Daniel Elstner wrote:
Am So, den 13.06.2004 um 12:57 Uhr +0200 schrieb Christer Palm:

Serializing/deserializing is usually very inefficient and is also extremely hard to do in a C++ environment. You'd need to know how to marshal each and every class in the objects type as well as containment hiearchy. Leaving all this to the implementor of the top-level class will definitely break the basic OO principles, and will be bound to be very error-prone.


Wrong.  Locking is inefficient.  Serializing is much faster unless
you're talking about serializing a whole file or something.

I would say that this is quite dependent on the locking scheme, lock contention potential, lock wait time, the complexity of the object beeing serialized and whether you are talking of efficiency in terms of lead time, consumption of CPU cycles or code size. But I happily stand corrected if you could back that claim up.

 And right,
you do need to know how to serialize each and every object you use.
Just as you'd need to know details about the implementation of a class,
such as "does it use reference counting internally?" before you can be
sure that simply locking a mutex actually works.

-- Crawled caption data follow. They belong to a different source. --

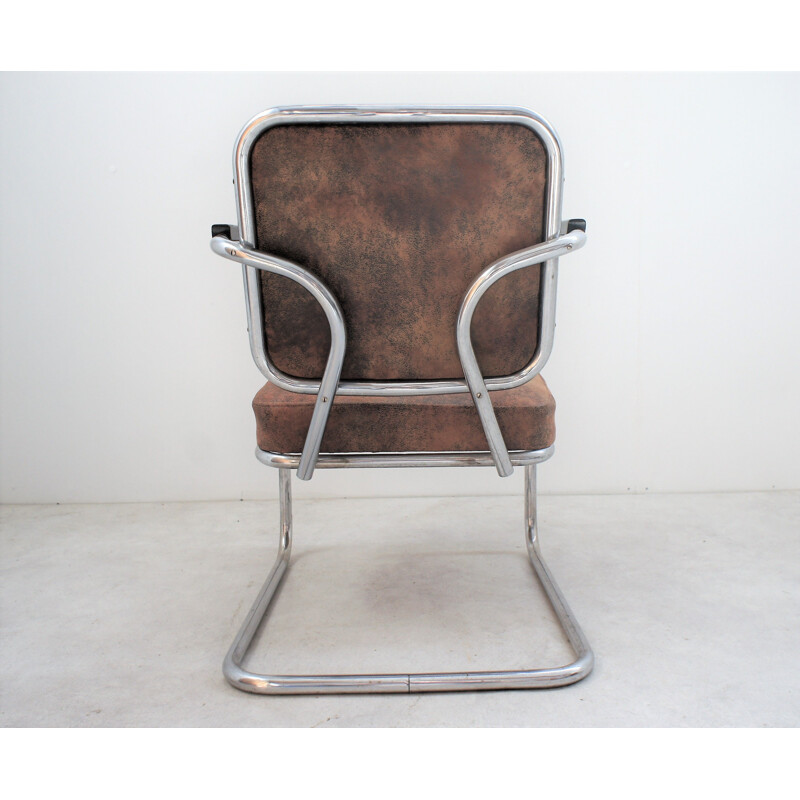Vintage Bauhaus fauteuil, verchroomd metaal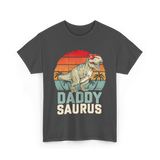 Daddy Saurus Dinosaur Dad T-Shirt - Dark Heather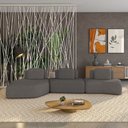 Ver imagem 1 de Sofá 3 Lugares Orgânico com Chaise e 2 Módulos Berlim Bouclê Gf K01 - D’Rossi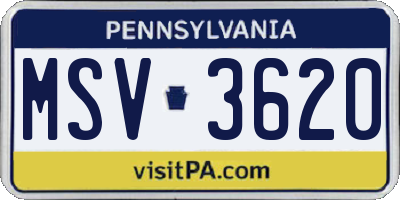 PA license plate MSV3620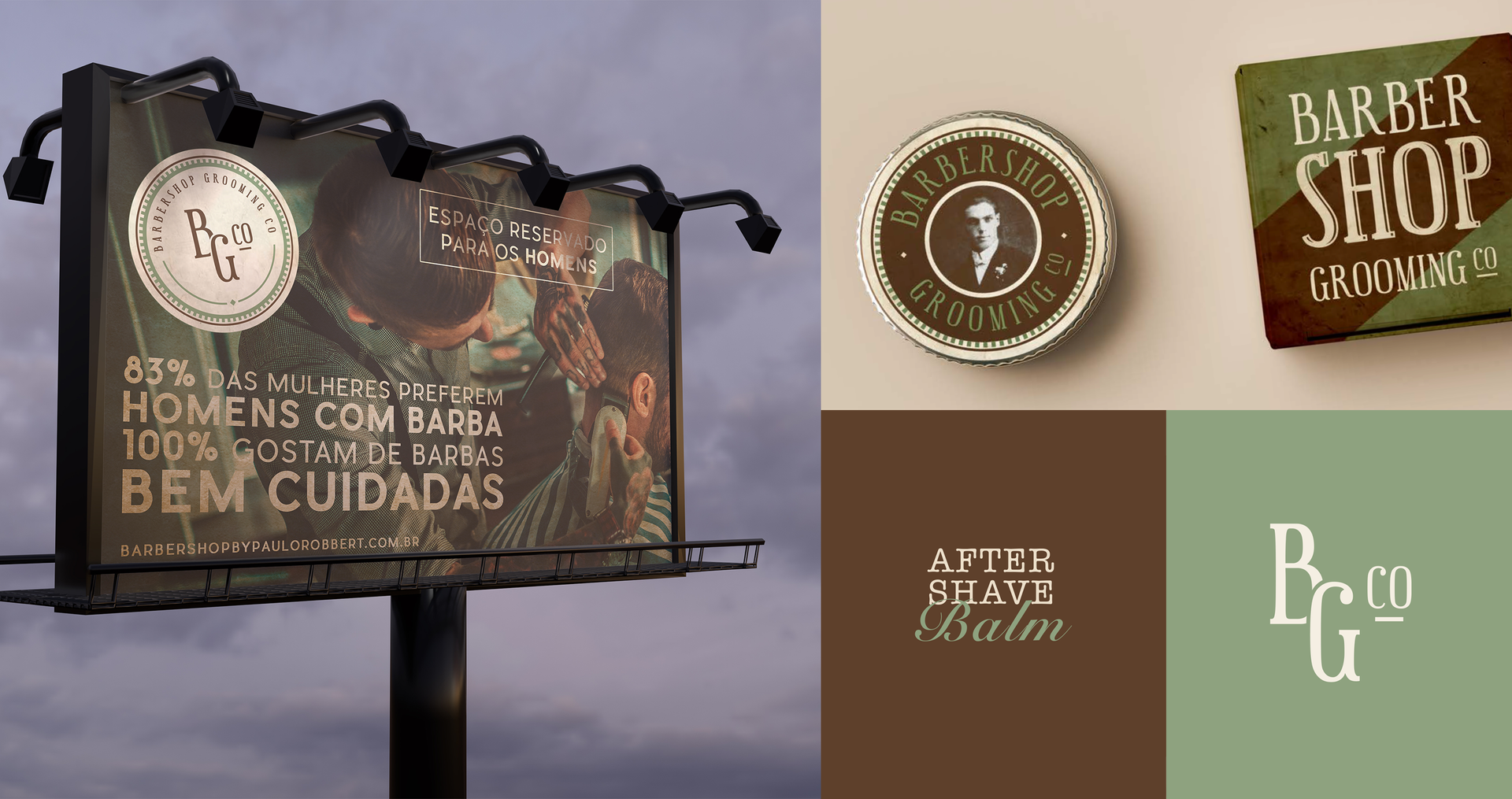 Um outdoor de uma barbearia está ao lado de uma colagem de logotipos.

Not only do you need to know how to serialize the object, but you also need the code to do it. And if you don't have it, apart from actually writing it - where would it go? It should, and may have to go into the classes themselves, because of OO principles and the potential need to access private members.

As much as I would like to have that in C++, it just isn't there. It seems to me that attempting to fix that in Glib just so that you could do cross-tread signalling is just way over the top.

I do agree that passing or sharing objects safely between threads, or indeed, just making a copy of an object has similar limitations in C++. However, we're not trying to solve that problem. The user _would_ still have to take necessary precautions.

If your stance is that you'd rather avoid doing something altogether if there's no way of making it foolproof, then so be it.